Alguns textos deveriam ser de leitura obrigatória nas faculdades
de jornalismo e cursos que tratam de finanças corporativas/governança
corporativa.
Sem uma escrita rebuscada, tão comum em textos teóricos elaborados
por quem vive em uma outra realidade, o craque do jornalismo Fernando Torres
nos apresenta uma interessante reflexão sobre governança corporativa, os papéis
de investidores, empresas, executivos/conselheiros e da nossa querida CVM no combalido
mercado de capitais brasileiro (https://valorinveste.globo.com/blogs/fernando-torres/post/2023/02/boa-governanca-corporativa-depende-do-dono-ou-dos-chatos.ghtml?utm_source=Linkedin&utm_medium=Social&utm_campaign=compartilhar). Trata-se de um texto de 2023, mas bem atual diante do contexto
com fraudes bilionárias e outras orgias societárias/financeiras promovidas por
verdadeiros meliantes fantasiados de acionistas controladores com seus executivos
adestrados (pagamento de bônus para executivos envolvidos em esquemas de
propinas e fechamento de capital a preço vil, por exemplo), além da morosidade
e complacência do Xerife, interessado em arrecadar umas moedinhas com acordos
indecentes.
Soma-se a isso grandes investidores passivos com seus discursos
vazios sobre ESG (não investem em empresas que exploram trabalho infantil e que
fabricam armas, mas investir em empresa corruptora está liberado) e temos um
caldo perfeito para que nada aconteça – putrefação garantida.

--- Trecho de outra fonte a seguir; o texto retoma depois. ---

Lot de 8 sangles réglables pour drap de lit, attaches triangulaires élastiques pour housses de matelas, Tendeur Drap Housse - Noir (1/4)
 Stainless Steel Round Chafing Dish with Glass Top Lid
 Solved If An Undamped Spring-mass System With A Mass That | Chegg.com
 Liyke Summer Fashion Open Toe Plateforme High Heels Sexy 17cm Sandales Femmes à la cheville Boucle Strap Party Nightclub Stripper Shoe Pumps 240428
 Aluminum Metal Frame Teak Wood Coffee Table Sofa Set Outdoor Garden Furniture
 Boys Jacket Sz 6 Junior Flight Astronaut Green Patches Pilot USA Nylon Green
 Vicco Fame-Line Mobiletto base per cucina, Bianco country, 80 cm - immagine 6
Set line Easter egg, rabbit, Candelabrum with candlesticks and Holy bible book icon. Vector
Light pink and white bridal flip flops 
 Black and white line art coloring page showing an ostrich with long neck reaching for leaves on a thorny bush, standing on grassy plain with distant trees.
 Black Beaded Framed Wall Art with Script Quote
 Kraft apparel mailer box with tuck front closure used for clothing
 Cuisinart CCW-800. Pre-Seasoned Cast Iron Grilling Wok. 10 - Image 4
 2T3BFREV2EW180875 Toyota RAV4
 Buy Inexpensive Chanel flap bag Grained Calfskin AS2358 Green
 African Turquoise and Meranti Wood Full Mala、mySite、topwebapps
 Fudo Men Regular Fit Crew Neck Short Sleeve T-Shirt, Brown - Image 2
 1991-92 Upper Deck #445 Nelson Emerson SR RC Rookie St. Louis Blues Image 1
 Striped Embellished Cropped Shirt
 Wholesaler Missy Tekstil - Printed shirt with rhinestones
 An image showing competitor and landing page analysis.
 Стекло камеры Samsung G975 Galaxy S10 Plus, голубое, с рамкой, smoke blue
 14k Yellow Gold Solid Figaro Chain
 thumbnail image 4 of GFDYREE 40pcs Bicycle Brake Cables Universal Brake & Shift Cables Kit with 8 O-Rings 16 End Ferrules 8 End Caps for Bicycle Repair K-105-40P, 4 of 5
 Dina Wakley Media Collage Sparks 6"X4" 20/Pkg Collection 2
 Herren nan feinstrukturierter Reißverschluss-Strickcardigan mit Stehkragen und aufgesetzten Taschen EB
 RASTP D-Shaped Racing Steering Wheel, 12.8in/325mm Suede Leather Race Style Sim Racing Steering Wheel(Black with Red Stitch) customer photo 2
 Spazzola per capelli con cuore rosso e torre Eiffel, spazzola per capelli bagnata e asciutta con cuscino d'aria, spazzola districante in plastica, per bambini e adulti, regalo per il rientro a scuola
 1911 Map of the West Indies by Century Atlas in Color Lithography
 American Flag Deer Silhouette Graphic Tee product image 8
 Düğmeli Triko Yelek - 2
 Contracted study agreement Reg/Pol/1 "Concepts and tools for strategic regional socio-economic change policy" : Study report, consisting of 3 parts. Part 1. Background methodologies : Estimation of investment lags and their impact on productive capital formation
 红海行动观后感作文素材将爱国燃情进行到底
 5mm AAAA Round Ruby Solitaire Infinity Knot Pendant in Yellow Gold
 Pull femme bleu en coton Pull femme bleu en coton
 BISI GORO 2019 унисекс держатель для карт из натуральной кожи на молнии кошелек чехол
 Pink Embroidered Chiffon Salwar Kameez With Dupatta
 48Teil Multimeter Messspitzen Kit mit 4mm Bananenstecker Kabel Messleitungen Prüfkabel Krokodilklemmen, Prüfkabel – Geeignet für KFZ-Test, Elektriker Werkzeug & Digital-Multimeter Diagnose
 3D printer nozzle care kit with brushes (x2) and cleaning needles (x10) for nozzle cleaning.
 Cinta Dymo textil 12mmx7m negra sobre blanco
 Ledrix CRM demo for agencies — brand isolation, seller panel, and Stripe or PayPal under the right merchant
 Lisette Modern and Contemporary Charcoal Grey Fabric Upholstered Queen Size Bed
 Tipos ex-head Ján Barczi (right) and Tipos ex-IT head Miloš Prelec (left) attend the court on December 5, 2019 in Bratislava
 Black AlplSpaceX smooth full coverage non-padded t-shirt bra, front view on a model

Não esqueçamos dos conselhos de administração café-com-leite. Uma
verdadeira confraria de gente educada que adora um chá das 5 e vive viajando
para “conversas com investidores” em Londres e NY. A diversidade passa longe,
com homens sessentões, brancos e barrigudinhos; quando vejo o LinkedIn penso
que se trata do conselho de administração da Smiles ou Multiplus, só acumulando
milhas. Quero ver encarar CEO casca grossa em Montes Claros, terra do ovo frito
no asfalto...
Mas se de um lado temos essa verdadeira horda de investidores
mansos e conselheiros “amigos”, do outro temos o que Fernando Torres chamou de
investidores chatos. O que seria do nosso mercado de capitais sem os chatos?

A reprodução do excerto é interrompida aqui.